For this exercise, restate every line below word for word and drop the images.

[RECORDS FOR THIS TASK]

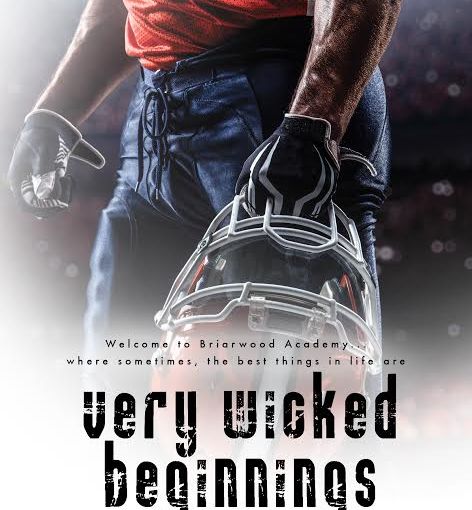 Pre-Release Blitz ~ See No Evil ~ by ~ Ivy&nbsp;Fox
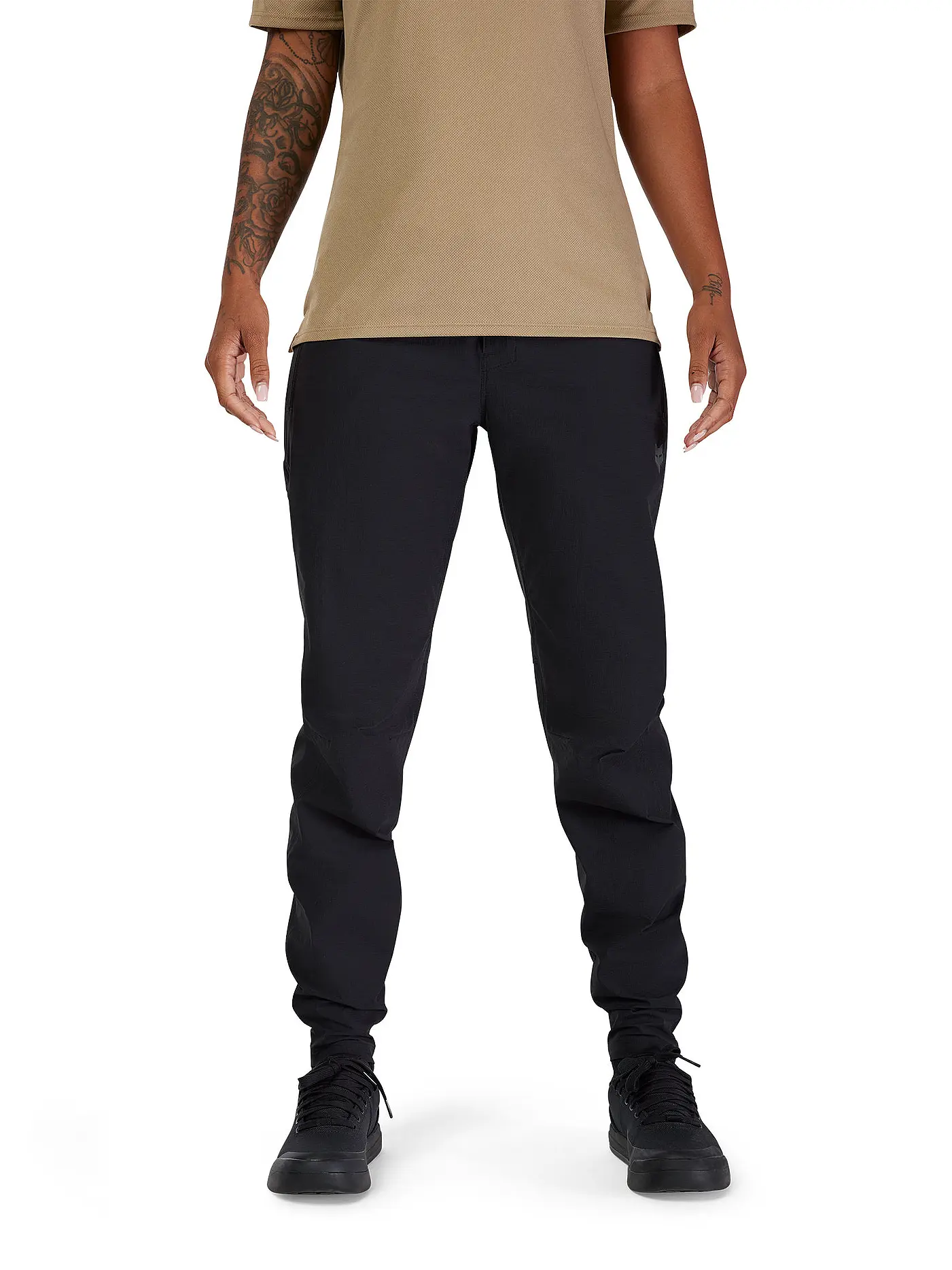 FOX | Damen Radhose Ranger | 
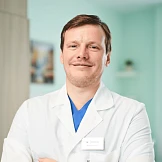 Нужный Виктор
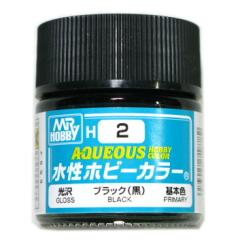 Mr.カラー 蛍光カラー 5色セット (171)(172)(173)(174)(175) GSI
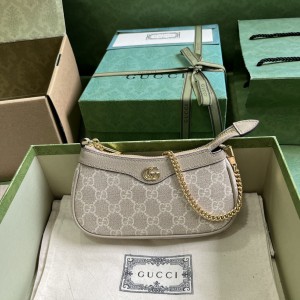 Gucci ophidia pochette 10x 19x 3cm Bags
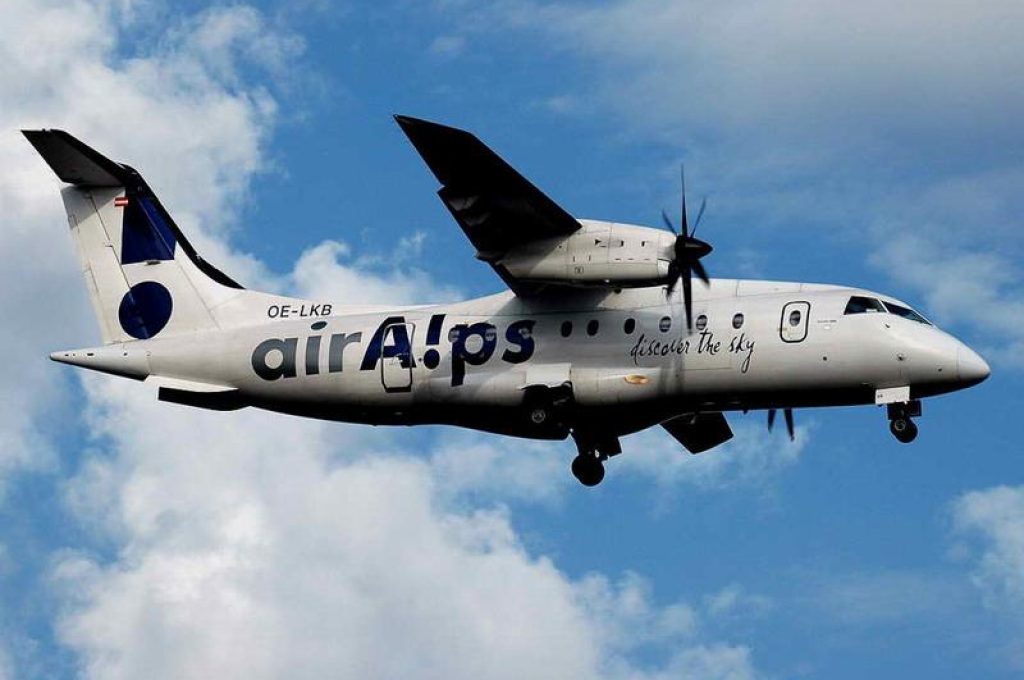airalps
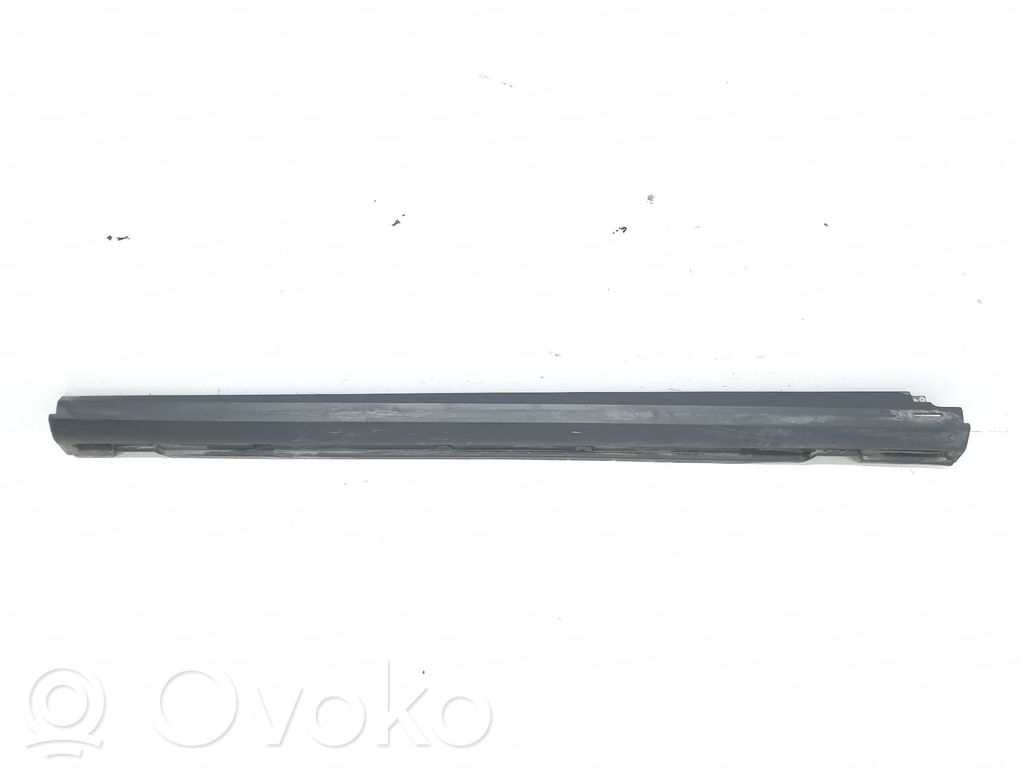 Land Rover Range Rover Evoque L538 Rivestimento sottoporta/minigonna laterale 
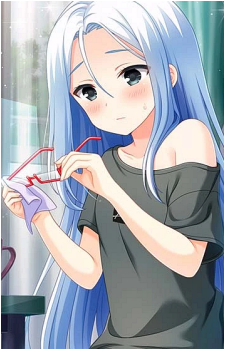 Noriko Kiryu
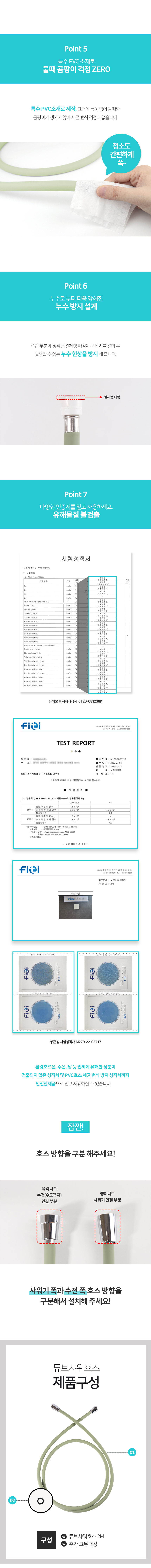 f7JWC2Xn91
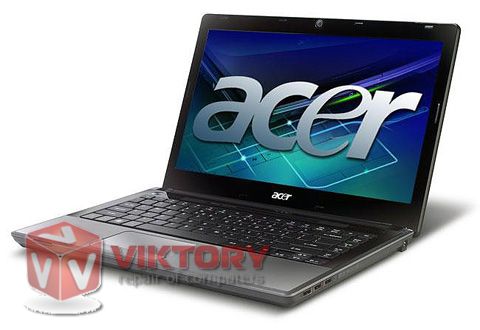 acer_aspire_timelinex_4820tg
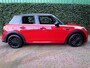 MINI John Cooper Works 1.5 Cooper F55 LCI2 aut. BTW-auto, Apple, HK, stuurverw, LED, 17"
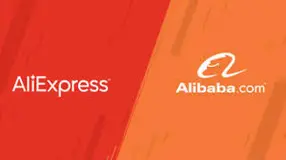 Hologres助力AliExpress双11实时数仓升级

[/RECORDS FOR THIS TASK]

→ **OUTPUT**
 Pre-Release Blitz ~ See No Evil ~ by ~ Ivy&nbsp;Fox
 FOX | Damen Radhose Ranger | 
 Нужный Виктор
 Mr.カラー 蛍光カラー 5色セット (171)(172)(173)(174)(175) GSI
 Gucci ophidia pochette 10x 19x 3cm Bags
airalps
 Land Rover Range Rover Evoque L538 Rivestimento sottoporta/minigonna laterale 
 Noriko Kiryu
 f7JWC2Xn91
 acer_aspire_timelinex_4820tg
 MINI John Cooper Works 1.5 Cooper F55 LCI2 aut. BTW-auto, Apple, HK, stuurverw, LED, 17"
 Hologres助力AliExpress双11实时数仓升级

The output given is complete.